AVAILABLE DATA:
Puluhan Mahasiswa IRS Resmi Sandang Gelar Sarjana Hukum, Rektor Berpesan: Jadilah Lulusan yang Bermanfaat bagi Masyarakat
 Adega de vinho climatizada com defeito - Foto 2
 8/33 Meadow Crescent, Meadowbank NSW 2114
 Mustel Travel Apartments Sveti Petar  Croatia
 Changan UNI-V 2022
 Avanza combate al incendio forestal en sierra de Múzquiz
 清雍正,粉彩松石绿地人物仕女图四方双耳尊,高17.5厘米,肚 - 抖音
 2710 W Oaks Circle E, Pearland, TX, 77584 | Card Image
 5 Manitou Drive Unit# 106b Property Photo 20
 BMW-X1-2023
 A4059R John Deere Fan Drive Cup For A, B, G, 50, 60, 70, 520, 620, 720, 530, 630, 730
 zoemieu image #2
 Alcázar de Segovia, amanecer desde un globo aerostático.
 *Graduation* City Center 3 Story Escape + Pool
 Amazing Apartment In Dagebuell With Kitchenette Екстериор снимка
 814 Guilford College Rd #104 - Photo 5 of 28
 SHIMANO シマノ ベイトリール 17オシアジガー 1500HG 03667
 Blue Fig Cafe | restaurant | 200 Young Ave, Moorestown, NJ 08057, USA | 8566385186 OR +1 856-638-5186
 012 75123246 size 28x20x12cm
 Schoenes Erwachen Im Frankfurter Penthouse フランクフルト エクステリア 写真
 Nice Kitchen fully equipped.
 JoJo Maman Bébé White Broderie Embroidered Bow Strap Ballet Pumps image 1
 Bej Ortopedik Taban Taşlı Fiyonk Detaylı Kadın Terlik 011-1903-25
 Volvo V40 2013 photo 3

REQUIREMENT: The answer should contain nothing except the lines from the one with "Avanza combate al" to the end of the material above, each given again exactly.

RESPONSE FOR THIS EXERCISE:
 Avanza combate al incendio forestal en sierra de Múzquiz
 清雍正,粉彩松石绿地人物仕女图四方双耳尊,高17.5厘米,肚 - 抖音
 2710 W Oaks Circle E, Pearland, TX, 77584 | Card Image
 5 Manitou Drive Unit# 106b Property Photo 20
 BMW-X1-2023
 A4059R John Deere Fan Drive Cup For A, B, G, 50, 60, 70, 520, 620, 720, 530, 630, 730
 zoemieu image #2
 Alcázar de Segovia, amanecer desde un globo aerostático.
 *Graduation* City Center 3 Story Escape + Pool
 Amazing Apartment In Dagebuell With Kitchenette Екстериор снимка
 814 Guilford College Rd #104 - Photo 5 of 28
 SHIMANO シマノ ベイトリール 17オシアジガー 1500HG 03667
 Blue Fig Cafe | restaurant | 200 Young Ave, Moorestown, NJ 08057, USA | 8566385186 OR +1 856-638-5186
 012 75123246 size 28x20x12cm
 Schoenes Erwachen Im Frankfurter Penthouse フランクフルト エクステリア 写真
 Nice Kitchen fully equipped.
 JoJo Maman Bébé White Broderie Embroidered Bow Strap Ballet Pumps image 1
 Bej Ortopedik Taban Taşlı Fiyonk Detaylı Kadın Terlik 011-1903-25
 Volvo V40 2013 photo 3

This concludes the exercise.